Operation Parameters

Many Tasks and Processes will have parameters that are passed in from a client when the Operation is inititated. These are presented to the Operation function as the second argument, the params dictionary. The signature of Task and Process start functions is:

operation_name(self, session, params)

Validation using @param

It is recommended that Agent developers use the ocs.ocs_agent.param() function decorator to describe all of the parameters that are accepted by an Operation start function.

An example of this can be found in the FakeDataAgent:

@ocs_agent.param('delay', default=5., type=float, check=lambda x: 0 < x < 100)
@ocs_agent.param('succeed', default=True, type=bool)
@inlineCallbacks
def delay_task(self, session, params):

(Note that @inlineCallbacks is a Twisted thing that is not part of parameter decoration.)

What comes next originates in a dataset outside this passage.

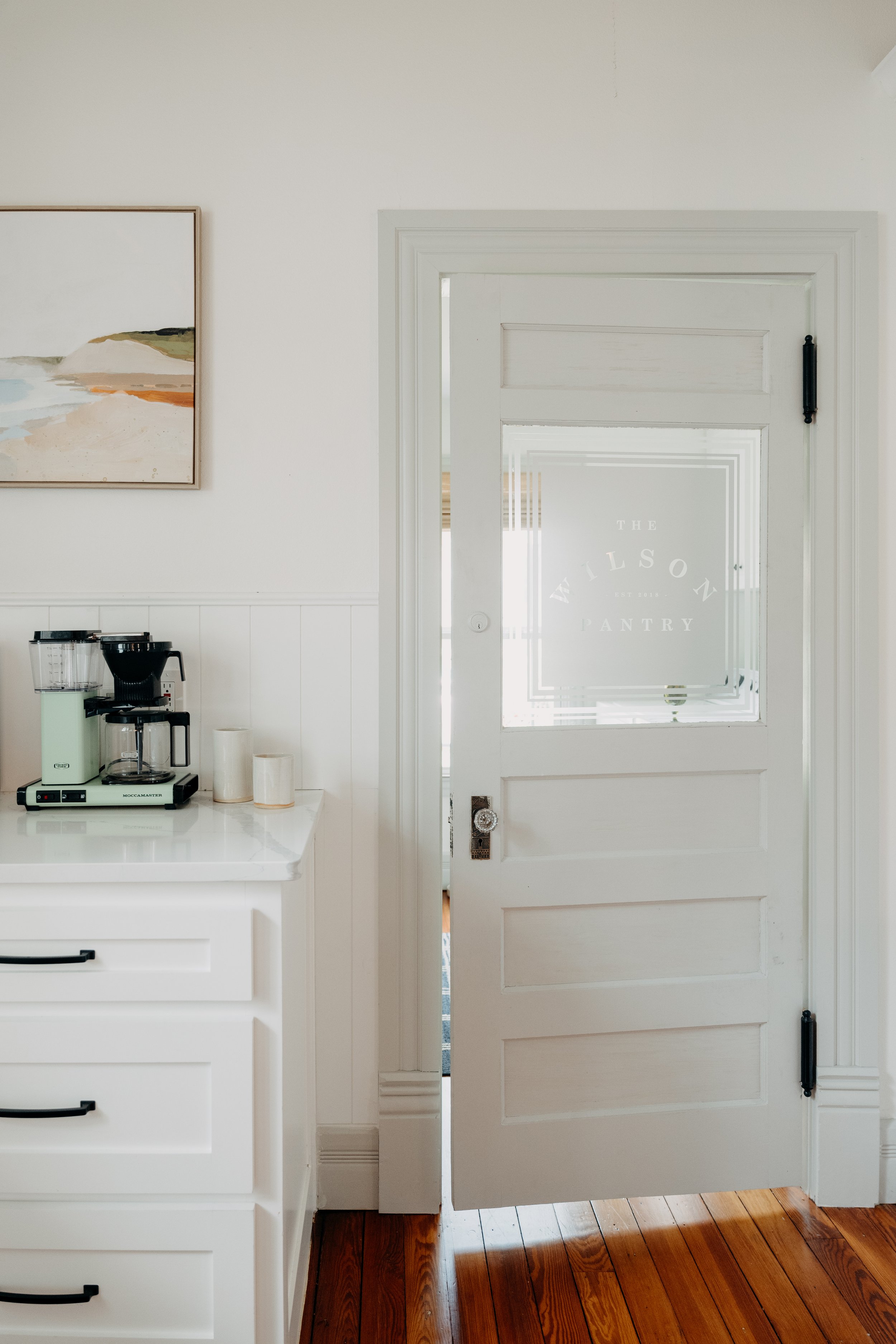 White door with glass window labeled 'The Wilson Pantry' in a bright kitchen with wooden floors and white cabinetry.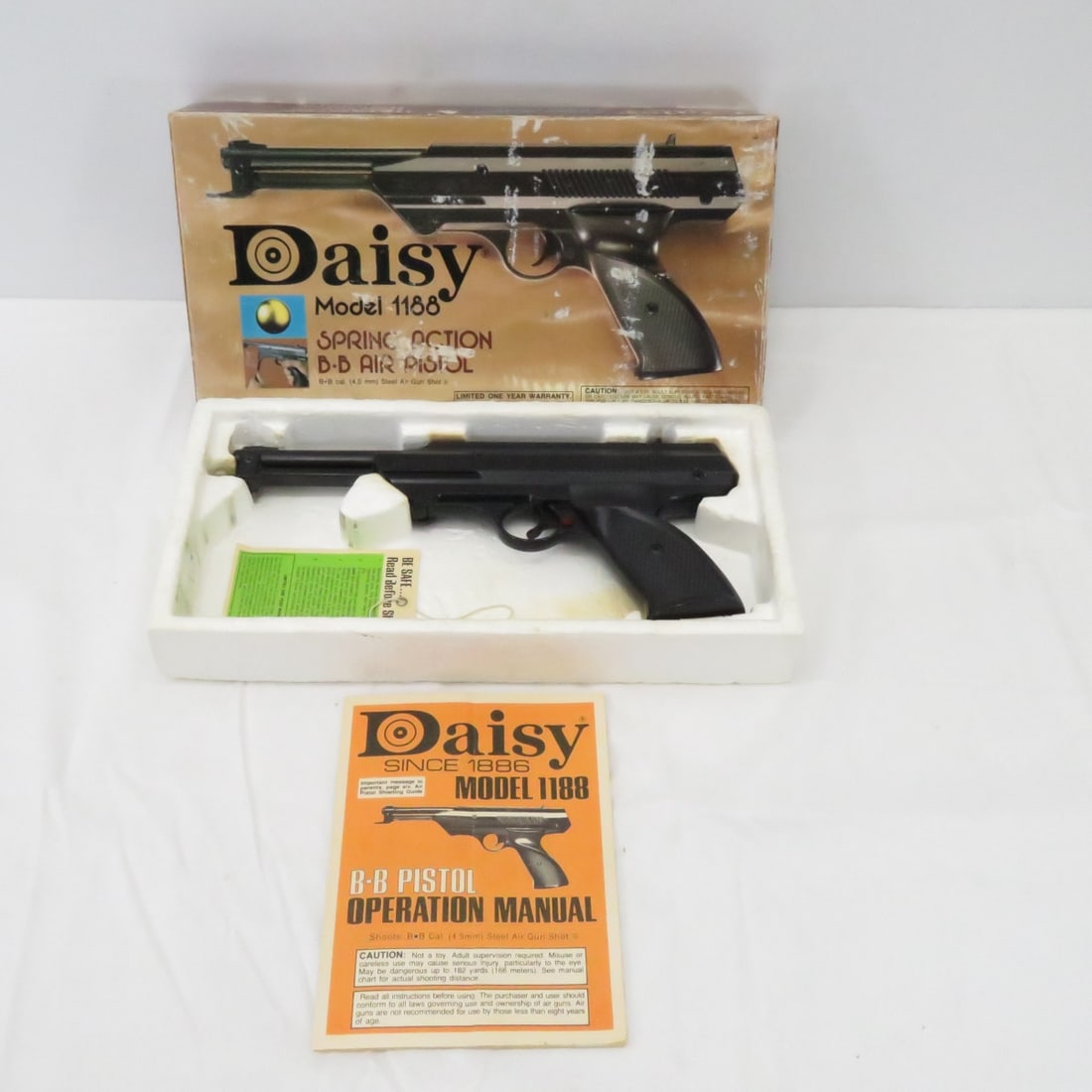 Daisy 188 Break Action Air Pistol with Box: Daisy 188 Break Action Air Pistol with Box - Box and Instructions state 'Model 1188', Has Compression Please read terms & conditions and ask questions before bidding.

Using decorators is optional, but provides benefits to both the Agent developer and to the user on the Client side. For the developer, the Operation code (the delay_task function body) may now assume that:

  • params['delay'] is set and contains a float with a value between 0 and 100.

  • params['succeed'] is set and is a bool.

  • There are no other keys in params.

For the user, any attempt to launch this Operation with invalid parameters (e.g. delay="seven" or random_word="brgla") will be immediately rejected, producing an informative error message:

>>> client.delay_task(delay='seven')
OCSReply: ERROR : Param 'delay'=seven is not of required type (<class 'float'>)
  (no session -- op has never run)

When using decorators, you have to describe all the accepted parameters. The client will be blocked from passing any undefined parameters. To override that behavior (and allow undeclared parameters to sail through to the agent), add @ocs_agent.param('_no_check_strays') to your decorator set.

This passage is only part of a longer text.